For more than three decades, at least one million people have depended on the old Gwalaida well to fetch water for their basic needs that include drinking, washing, and cooking in Kunci Local Government in Kano State, Northwest Nigeria.
But advancing Sahara desert, induced by climate change, has made sourcing for water a struggle for survival in the local government area.
“You can see. It’s the same water we and our animals drink from,” a villager in his 60s, told journalists in a video.
“It’s so impure that drinking it causes rashes,” he said. But that’s the only water they can give to their children. “Our donkeys, camels and, if you can stay longer I’m sure you’ll find our dogs drinking from this water.”
Often, the villagers travel long distances on a motorcycle for three hours or sometimes trek through sharp sand for hours to fetch some murky water full of impurities from the only well serving 50 villages.
Efforts by them to make their elected representatives provide clean and potable water have yielded no results.
“We reached the states and local governments officials several times but nothing was done as you can see,” a youth who spoke to a local media lamented.
He called on non-governmental and charity organisations to help in drilling a borehole that will ease their difficulties.
A large number of children are also missing schools while they assist their parents in search of water. At some places, they spend a whole night before they get a gallon of water and the process is repeated another day.
According to UNICEF, nearly one-third of Nigerian children lack access to drinking water. A large number of children live in places with high or extreme water vulnerability.
Poor sanitation and hygiene leads to high rates of diseases like diarrhoea, pneumonia, trachoma, and worm-related illnesses, with diarrhoea being the second-largest direct cause of child mortality
A video taken in Karofin-Yashi of Rimin Gado Local Government Area of Kano State, shows a mother giving her child contaminated water to drink; from the same riverside she put her legs in.
About 100,000 children are said to be dying annually of water-related diseases. Most of these children are from rural areas where politicians only visit during election campaign period.
“The world’s water crisis is not coming — it is here, and children are its biggest victims,” said Peter Hawkins, UNICEF’s representative in Nigeria.
He added that “When floods hit, children fall ill from waterborne illnesses. And when water is not available in Nigerian communities, children cannot wash their hands to fight off diseases.”
The Effect of Climate Change
Research has shown that rainfall in Nigeria has decreased by 92 mm and the temperature increased by 0.8 degrees since 1960. Northwestern Nigeria is the worst hit.
From the 1970s, the Northwestern region has experienced frequent droughts as a result of climate change, and the Sahara has steadily advanced into it, causing the desertification of an estimated 351,000 hectares of land annually.
Research conducted last year has shown how the sharp climate change is affecting lakes and other water sources causing water stress in villages and towns.
Observers have associated water challenges with insecurity in northern Nigeria, mostly in the Northwest where farmers-herders clashes persist.
Climate change is increasing the risk of violent conflicts through clashes over resources, and boosting the recruiting appeal of non-state armed groups and other criminal gangs.
Despite these challenges, Nigeria was ranked 12th country least ready to deal with the impacts of climate change. A prediction has shown that weather patterns will continue to become more volatile and more severe.
Improve Water Management, Confront Climate Change – NGO
The Society for the Promotion of People’s Right, a nonprofit operating in Nigeria, urged all tiers of government and relevant stakeholders to improve on water management to curb the menace of climate change.
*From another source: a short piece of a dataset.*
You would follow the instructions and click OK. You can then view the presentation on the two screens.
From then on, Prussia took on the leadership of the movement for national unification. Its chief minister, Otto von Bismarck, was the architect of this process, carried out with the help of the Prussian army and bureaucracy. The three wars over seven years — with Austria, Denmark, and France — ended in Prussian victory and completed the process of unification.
Williams Osaze, president of the organisation, in an interview with the News Agency of Nigeria (NAN), urged the government and relevant stakeholders to put more efforts into ensuring that Nigerians have access to clean water and a conducive environment.
He associated the erratic rainfall and the eventual water stress to climate change and added that water management is getting difficult because of population growth thereby causing difficulties in accessing clean water.
“As climate change makes rainfall more erratic and increases the risks of floods and droughts, investing in better water management and infrastructure is becoming even more important,” Osaze said.
“The impact of climate change on people’s water supplies is being overlooked. Unless urgent action is taken to help the communities adjust to changing weather patterns.”
“These investments can strengthen economies. When targeted at the poorest people, they offer a triple surplus, alleviating poverty, supporting jobs and growth, and reducing vulnerability to climate change.”
Access to clean water and a healthy environment, he emphasised would help communities cope with climate change and recover quickly from related extreme weather.
He added that water is a fundamental human right and an essential step towards improving living standards.